11436 SSO

Custom API Behavior Using JavaScript and Apigee Edge

Rajiv Kilaparti
Jan 28, 2014

As an API developer, you are undoubtedly familiar with JavaScript. Apigee Edge enables you to leverage your experience with JavaScript to implement custom API behavior without having to change the code of your APIs or backend services.

Edge can be used as a managed container for executing your custom JavaScript. You write the custom logic, and Apigee provides the container, security, management, monitoring, and analytics.

You can combine Apigee's out-of-the-box policies with your own custom JavaScript to implement custom behavior securely and reliably.

However, writing custom behavior with your own custom JavaScript requires a familiarity with Apigee's JavaScript object model. JavaScript that executes in a browser relies on the "browser object model," or BOM. JavaScript that executes on Apigee Edge, however, relies on a message-oriented object model. This object model defines request, response, and context objects with associated properties.

Apigee's documentation gives you a good understanding of Apigee's message-oriented object model.

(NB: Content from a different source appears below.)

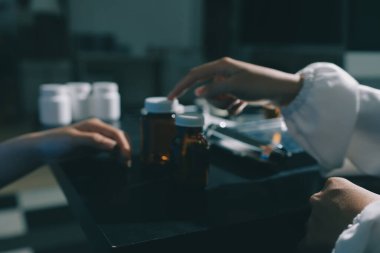 Elinde ilaç şişesi olan kadın doktor hastanın yan etkileri için ilaç kalitesini kontrol ediyor ve hasta bilgilerini hastanede kaydediyor. tıbbi ve sağlık hizmetleri kavramı
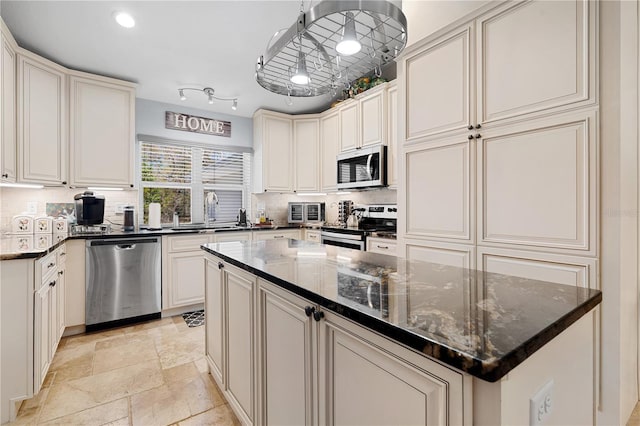 8880 SE 161st St, Summerfield, FL 34491 - kitchen featuring decorative backsplash, appliances with stainless steel finishes, a kitchen island, and a sink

Having gone through the process of implementing custom behavior using JavaScript, at a certain point you'll feel the need to unit test the code that you've written. The question then is: how?

Solution

Sparrow.js comes to the rescue by defining the request, response, and context objects with associated properties, which you can use to test the code that you've written for your proxies on Apigee Edge. You can do all this on your localhost or on a continous integration environment

Testing with Sparrow.js

Sparrow.js relies on Node.js to parse and execute custom JavaScript that you use on Apigee Edge. It also requires Node for HTTP interfaces. Let's start with the usage:


$ npm install -g sparrow.js
$ cd your_project && sudo npm link sparrow.js

We use Mocha to write our tests:


$ npm install -g mocha

Let's write a small JavaScript file, which can be used in the API proxy, as well in the unit tests. Yes, the source file can be used in the unit tests, as it is. The source file, and its unit test, are pretty simple, and need no further elaboration:


// File: ./src/int-str.js
var response_payload;
try {
    response_payload = JSON.parse(context.getVariable('response.content'));
} catch (e) {
  // do nothing
}
try {
    if (response_payload) {
        var o = response_payload;
        for (var k in o) {
            if (o.hasOwnProperty(k) && !isNaN(o[k])) {
                o[k] = String(o[k]);
            }
        }
      context.setVariable('response.content', JSON.stringify(response_payload));
    }
} catch (e) {
    // do nothing
};

Let's write our unit test


// File: ./test/test.js

var sparrow = require('sparrow.js')
  , Context = sparrow.Context
  , httplib = sparrow.Http
  , Parser = sparrow.Parser;

 describe("Context", function() {
    var context;

    beforeEach(function() {
        context = new Context();
    });

    afterEach(function() {
        context.tearDown();
    });

    it("should exec js from file, with apigee context", function() {
        var opts = {
            path: '../src/int-str',
            context: context
        };

        var result = Parser(opts, function(result) {
            var payload = context.getVariable('response.content');
            JSON.parse(payload).user_id.should.be.type('string');
        });
    });
});

Execute the tests—with Sparrow

Before we start with execution, we all know that a unit test requires the setup of test data that it can consume. Sparrow has a command line interface that does that for you:


$ sparrow ./src/int-str.js
  • this will produce a test fixture file, next to the source JavaScript file (int-str.js)
  • open this file and populate the test data needed for your JavaScript file (see below)
  • here is a sample of test data that you can use in the fixtures file

// File: ./src/int-str-fixture.js

const test_data_1 = { // test data 1 for test case
    'access_token': 'some_token',
    'user_id': 123456789123456789123456789
};

const test_data_2 = { // test data 2 for test case
    'access_token': 'some_other_token',
    'user_id': 44444444444444444444444444
};

exports.flow_vars_1 = {
    "response.content": test_data_1
};

exports.flow_vars_2 = {
    "response.content": test_data_2
};

// the same test case will be executed
// with above test data variants, which
// are: flow_vars_1 & flow_vars_2

We have the source JavaScript, a test file for the source, and a test fixtures file, which sets up test data for the unit test. Now, all you need to do is execute mocha, which will in turn execute the unit test.

Below is the output that you'd see after mocha finishes test execution:


$ mocha --require should --reporter spec

  Context
     should exec js from file, with apigee context 


  1 passing (6ms)

So, with this, we now have a way to test the code that we deploy to Apigee Edge.